It was a night that gave us such fondly remembered classics as Val Venis vs Chainz, Jeff Jarrett vs Darren Drozdov, and Dustin Runnells vs Marc Mero. As well as a special appearance by Avatar (aka Al Snow). To be fair it also gave us intriguing (on paper) King of the Ring qualifying matches The Rock vs Vader and Triple H vs X-Pac. Which weren’t very good either… Thanks, WWF.
Although those matches will be locked into your memory banks, you may well have forgotten that Raw that night saw the first-ever Tag Team, Royal Rumble. That’s right, TEN of the top tag teams in the history of the WWE battled it out for the right to become the number one contender to the tag team titles, then held by Stone Cold Steve Austin and The Undertaker. This may seem a cool idea. The problems were twofold. The WWE didn’t really have ten tag teams of any repute in 1998 and earlier in the evening Kane and Mankind had issued a challenge to Austin & Taker for a match, a challenge which had been accepted and was (nominally at least) set for the evening’s main event… Which kind of gave away the ending of the Rumble once Kane and Mankind were unveiled as participants number two in the match. Anyway. The participants in the first (and only) Tag Team Royal Rumble;
- Kane & Mankind (w/ Paul Bearer)
- Bradshaw & Taka Michinoku
- Faarooq & Steve Blackman
- Golga & Kurrgan
- Scorpio & Terry Funk
- The Disciples Of Apocalypse (8-Ball & Skull)
- The Headbangers (Mosh & Thrasher)
- LOD 2000 (Road Warrior Animal & Road Warrior Hawk) (w/ Sunny)
- The Midnight Express (Bodacious Bart & Bombastic Bob)
- Too Much (Brian Christopher & Scott Taylor)
The rules were simple. If one man was eliminated, his team was eliminated. A new team was introduced every thirty seconds and the last team standing were the winners. Along with Kane and Mankind, the match started off with the new and improved L.O.D 2000. Which still sounds more like a washing powder than a badass tag team. Hawk and Animal were accompanied by Sunny, who was probably the only interesting part of that alliance. Although to be fair, at this stage the nostalgia of what the Legion of Doom were does still warrant crowd pops.
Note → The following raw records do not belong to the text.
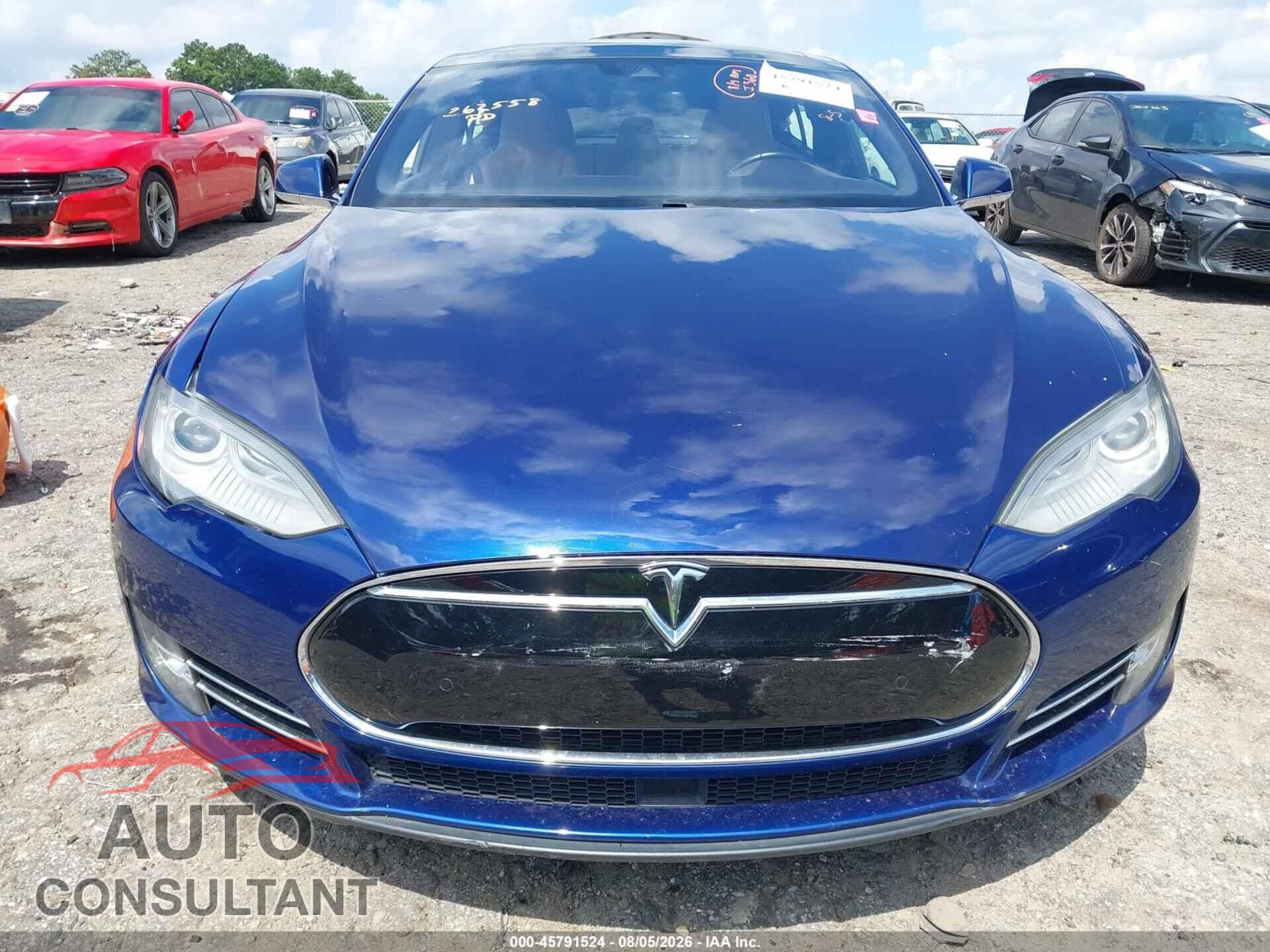 TESLA MODEL S 2016 - 5YJSA1E20GF121936
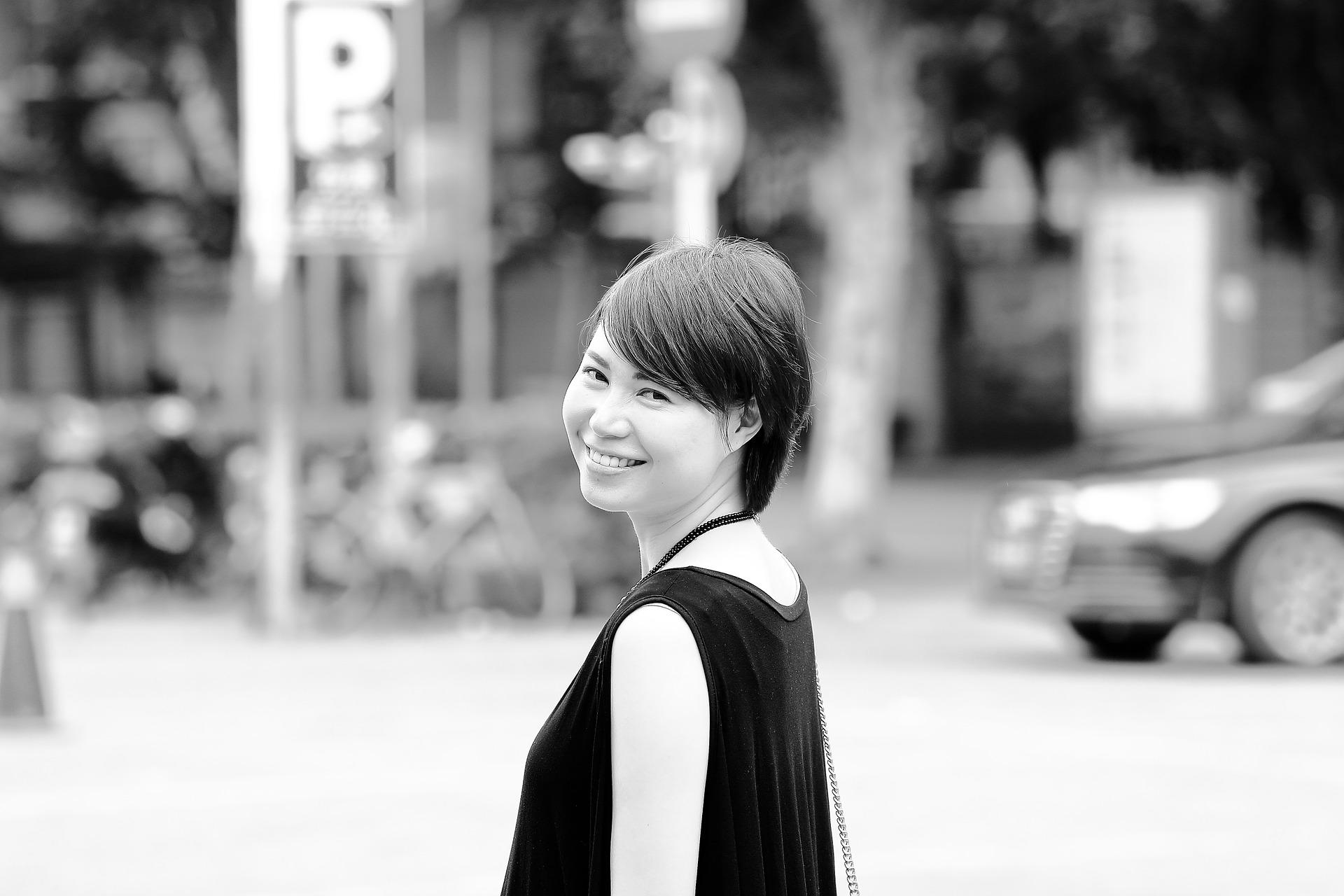 Las japonesas y los japoneses parecen cerrados al principio, pero después les verás sonreír a menudo.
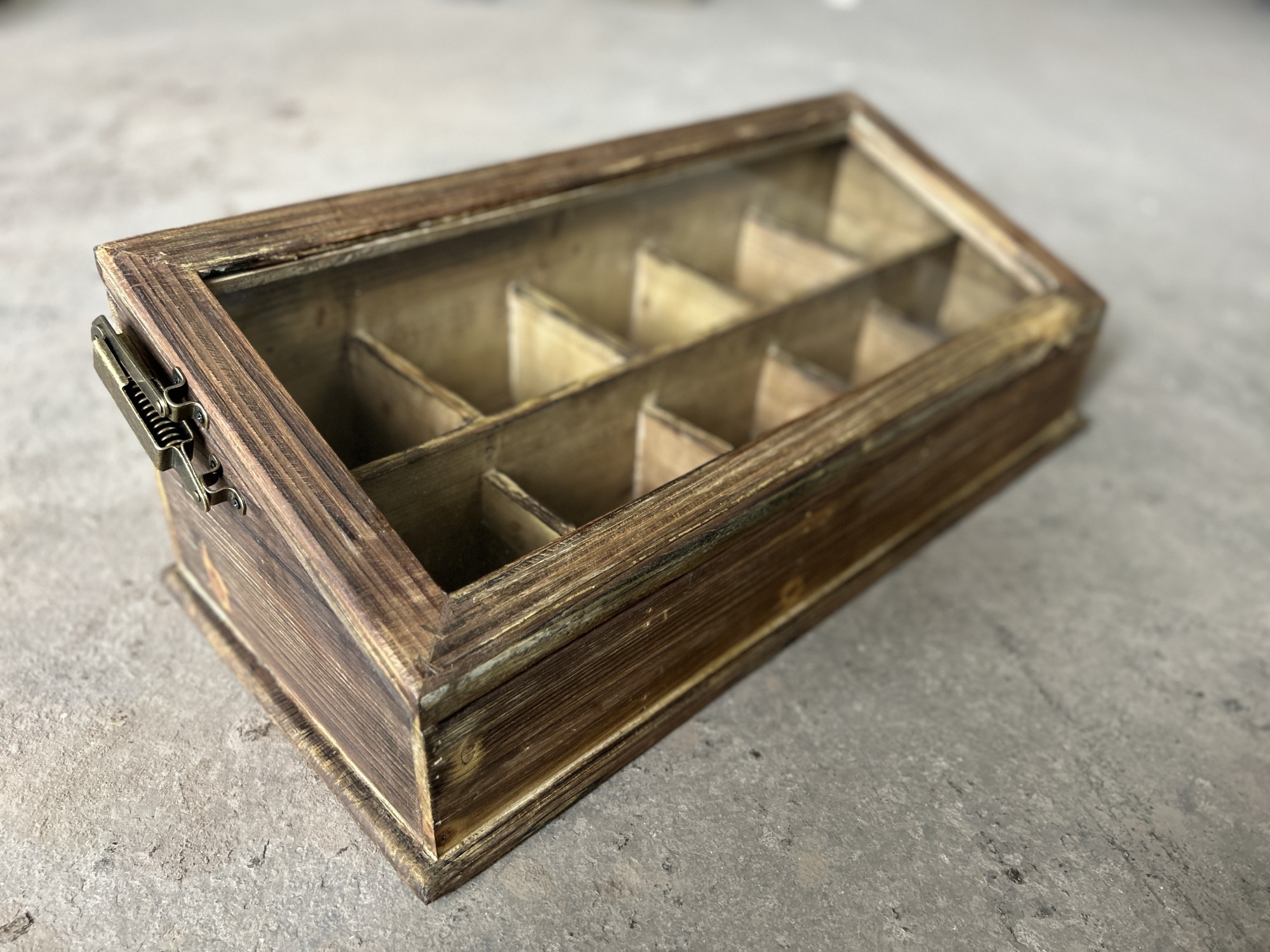 Schaukasten mit 10 Fächern, aus recyceltem Holz, B 62,5 cm, L 28 cm, H 20 cm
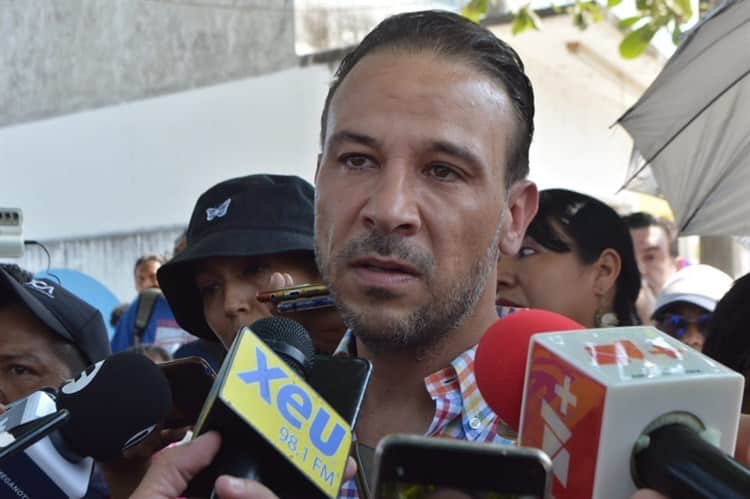 Vigilarán que palaperos respeten precios de menús a bañistas en Boca del Río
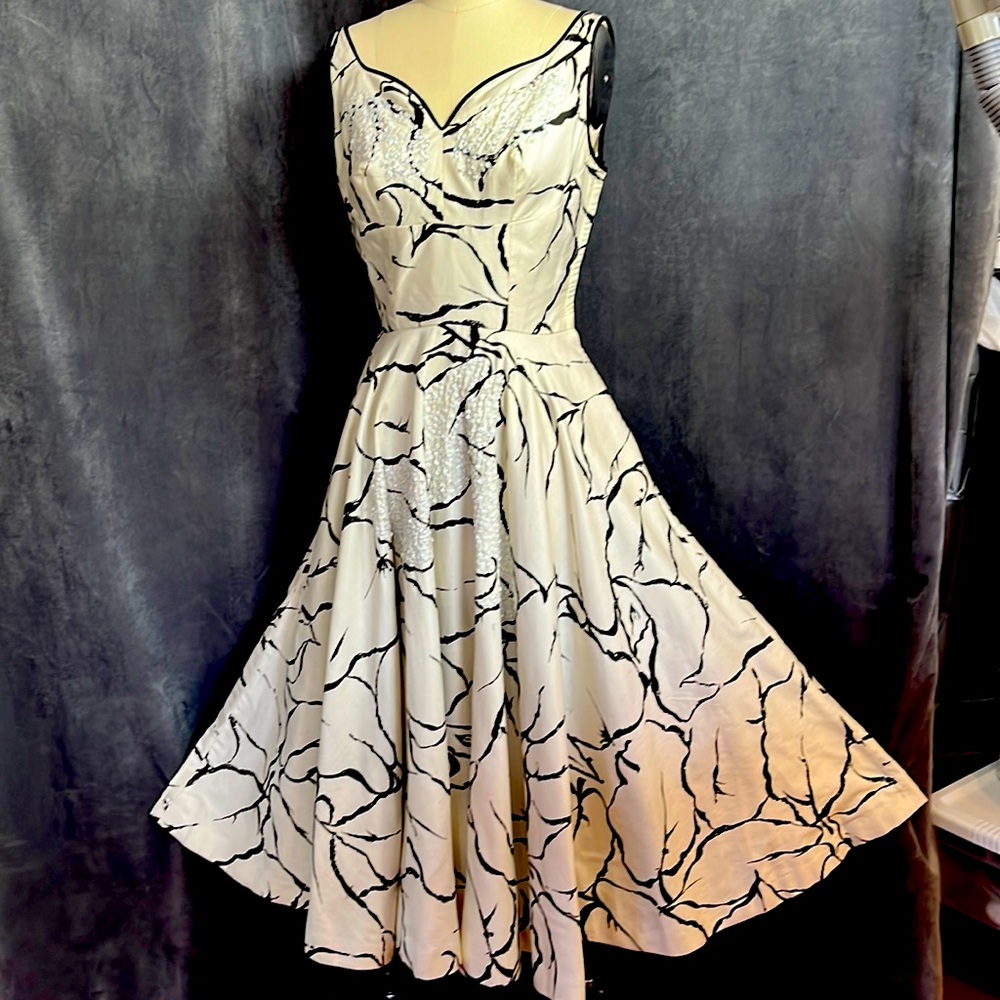 1960s size 4 -6 black and white w sequins Authentic vintage dress. Bust 36 W 28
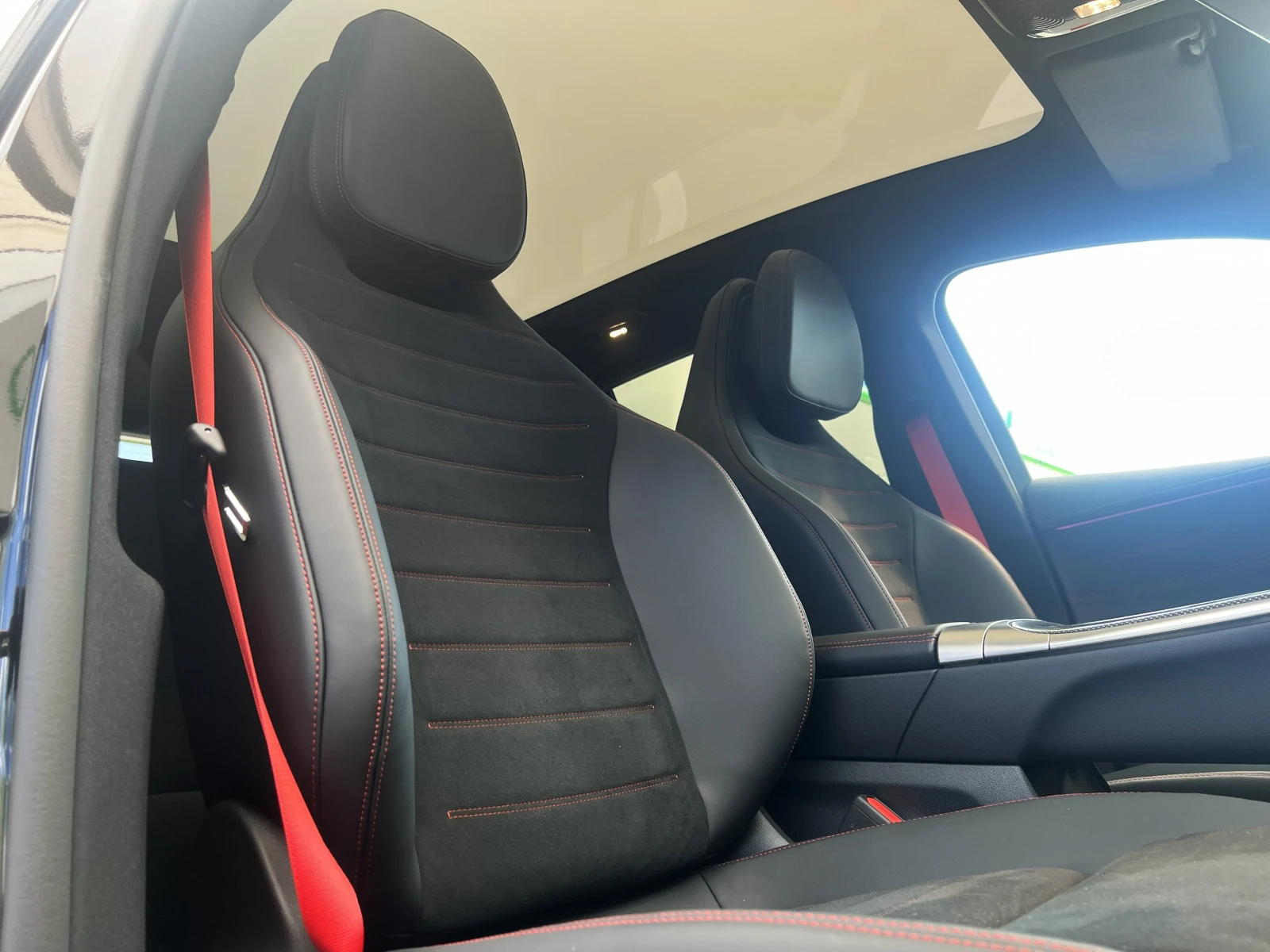 Mercedes-Benz GLC 400/ AMG/ 4M/ SKY CONTROL/ SUPERSCREEN/ NIGHT PACK, снимка 15 - Автомобили и джипове - 55537180
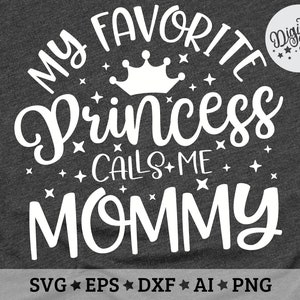 K&ouml;nnte beinhalten: Wei&szlig;er Text auf dunkelgrauem Hintergrund lautet "My Favorite Princess Calls Me Mommy" mit einer Krone &uuml;ber dem Wort "Princess". Der Text ist von kleinen Sternen umgeben. Der Text "SVG EPS DXF AI PNG" befindet sich am unteren Rand des Bildes.
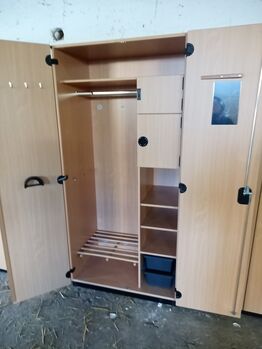 2 buchefarbene bundeswehrschränke 95x60x200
With a new team every 30 seconds, the match is at least fast-paced, even if the eliminations are slow to come (with most being saved for when all the teams are in). The New Midnight Express was probably an even dumber idea than L.O.D. 2000 and even “Bombastic” Bob Holly and “Bodacious” Bart Gunn must have known this was going precisely nowhere. Still at least they, The Headbangers and the DOA duo of the Harris Twins were at least “tag teams”. The Oddities duo of Kurrgan and Golga aren’t’ fondly remembered and if there’s ever a tag team hall of fame then it’s unlikely that the makeshift teams of Faarooq & Steve Blackman, Taka Michinoku & Bradshaw, or Terry Funk & Too Cold Scorpio will ever make the ballot. Too Much (not yet Too Cool) round off the numbers.
The most over the thing for most of the match is the ten-second countdown, but the quickness of the entries mean that the match gallops along and never really has the time to become boring. Terry Funk eliminates Kurrgan in a fun spot, Too Much eliminate themselves when the Headbangers duck their attack and the only stars of the show Kane and Mankind eliminate a few teams between them. It comes down to them against Funk and Scorpio and it’s always fun to see Funk and Mankind go at it but it’s an inevitable end. Mankind holds a chair to Funk’s face and Kane big boots it into his face which sends him over the top and crashing to the floor.
It’s by no means a great match. But it’s fun in its own way and if you ignore that the winners had already effectively made themselves number one contenders earlier in the evening it at least has a point to it.